Dealing with Multiple Palms:

I found that I could not avoid multiple palms. Stylistically, it is quite common to see clusters of palm trees which give a nice aesthetic. However, for categorization this was quite a pain due to the difficulty of drawing tight enough bounding boxes to separate out the individual palms.

Multiple palms was difficult to deal with

I decided to group 2-3 palms if I could not distinguish their bases even if their shadows were fairly distinct. Again, not ideal, but my logic behind it was that for the purposes of this project it’d be better to classify multiple palms as a single detection instead of avoiding it. Similar to above, this would probably be better split out into a new class for multiple_palms; however, similar decisions will need to be made as raised above if there are 2+ clustered palms with shadows that are oriented at 45 degrees to the pixel grid.

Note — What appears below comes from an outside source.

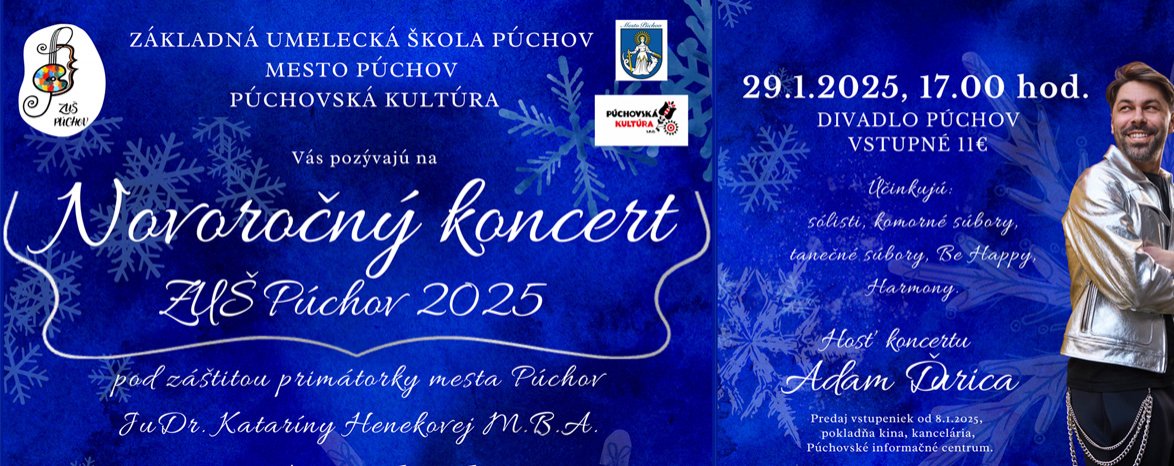 NOVOROČNÝ KONCERT ZUŠ PÚCHOV 2025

The other problem was that if the palms were too close to feel confident that the bounding boxes were unique enough, I just used the palm_no_shadow class on the canopy if the palm tree was large enough. This will show up for adjacent date palms in the next segment once we get around to training.

Summary:

I spent a few hours mucking around with looking at the data and then working on my two class annotations while putting on Parks and Rec in the background on a different screen. whoops

As raised in the above sections, there were difficulties handling shadows oriented at 45 degrees to the pixel grid and multiple adjacent palms that couldn’t be nicely split into their own bounding boxes. They all ended up getting swept into the palm_w_shadow class, but if I were to redo it, I would split them out. This would have the benefit that during training we would have the granularity to identify if there was significant confusion between classes. On the flip side, avoiding overfitting would require at least 50-100 instances which would take a bunch more time to classify.

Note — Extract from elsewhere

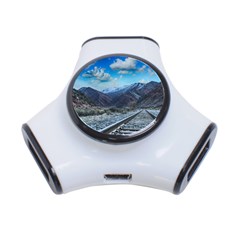 Nature Landscape Mountains Slope 3-port Usb Hub by Celenk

Lessons learned: ideally, we would have shadows aligned with our pixel grid for easy classification. Otherwise we should have split out the palms with shadows at a 45 degree angle to our pixel grid into a new class or done some kind of image rotation scheme at 45 degrees to get the shadows to align nicely with the bounding boxes. The second method would also have required some way to map the original image to a rotated version and preserve the pixel original pixel locations in case we wanted to grab the coordinates/location of the detected palm down the road.

Of course, this could all be avoided in a product type project where we could spend the money on nice satellite data where we could standardize the sun angle across the training and inference images… but spend more money is always a cop out answer.

The next step would be grabbing the dataset for local training on my old GTX 970 and learning the lessons above with dealing with edge cases in the classes.